Hiç dil-i dîvâneyi bend eylemez bir bağlar”

Anlaması zor. Ben de yazarken sıkı sıkı ders çalışmadığımı sanmayın. Şair diyor ki, “Sevgilinin  saçına asıldıktan beri deli gönlün, başka bir bağa bağlanmaya kalkışmaz.”  O şair kim mi? Feride Hanım.

Bir başka gazelinde aşığın divane olup sevgilinin saçlarına zincirsiz olarak bağlandığını şöyle anlatmış:

Zülfüne dîvâne-veş bend oldı dil zencîrsiz

Dîde-i şehbâz ile sayd eyledin nahcirsiz”

Gönül saçlarına divane gibi zincirsiz bağlandı. İri doğana benzeyen gözlerine av eyledin hayvansız, demek istiyor.

  Bu durumdan şikayetçi değil.

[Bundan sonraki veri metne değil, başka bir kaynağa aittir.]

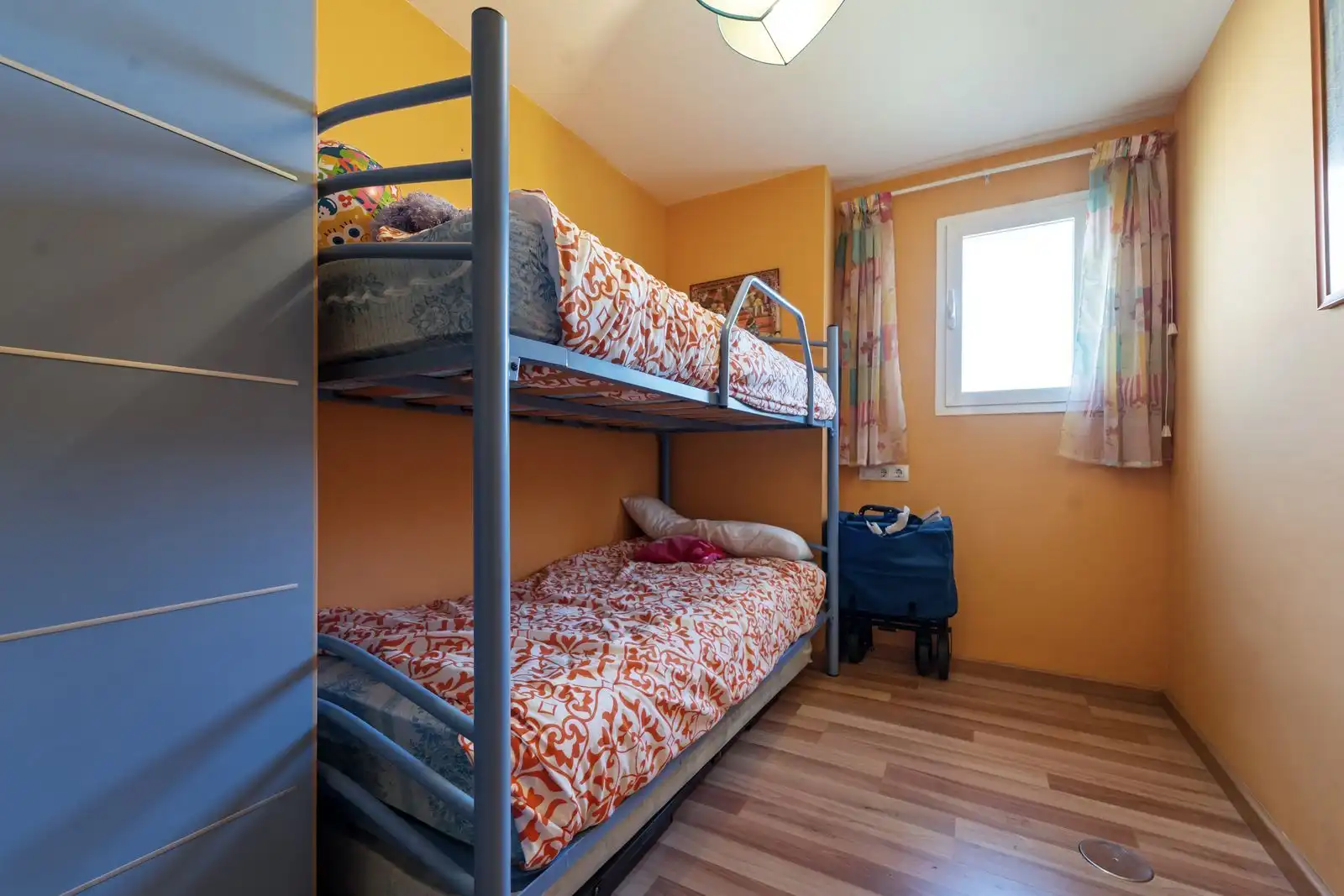 property_gallery_img_47210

Bunu şöyle dile getiriyor: “Yeğdirir zencîr-i zülf-i yâr ile bend olması  / Kayd olup derd-i gama çekmekden ise firkati” Diyor ki; “Ayrılığın gamının derdini çekip kayıt olmaktansa, yarin saçlarının zinciri ile bağlı olmak daha iyidir.”

Ferîde Hanım sevgilinin siyah saçları ile ızdıraplı bir halde ta geceden sabahlara kadar gözlerinde rahat uykunun olmadığını söylemekte: “Yine yârin saçlarının siyahı ile çok ızdıraplıyım ben. Gözlerime rahat uykunun hayali geceden ta sehere kadar gelmez.”

“Yine sevdâ-yı zülf-i yâr ile pür ıztırabım ben

Hayâl-i hâb-ı rahat dideme şeb-ta-seher gelmez”

Bunlar, yalnız Feride Hanım’ın değil, Divan Edebiyatındaki şairlerin duygularındandır. Sevgilinin saçlarını, benlerini zalim olarak algılarlar ama, her biri katiline aşık olmuş gibidir. Manen zulüm ve işkenceden hoşlanan mazoşistlere benzerler. Feride hanım der ki:

 Şemm ider miydim bu dehrin gonca dest-bûsını  / Ârız-ı cânân ile gîsû merakım olmasa”

Şöyle çevirebilirim: “Sevgilinin yanağı ile saçlarına merakım olmasaydı, bu zamanın goncasının elini öpüp, koklar mıydım..”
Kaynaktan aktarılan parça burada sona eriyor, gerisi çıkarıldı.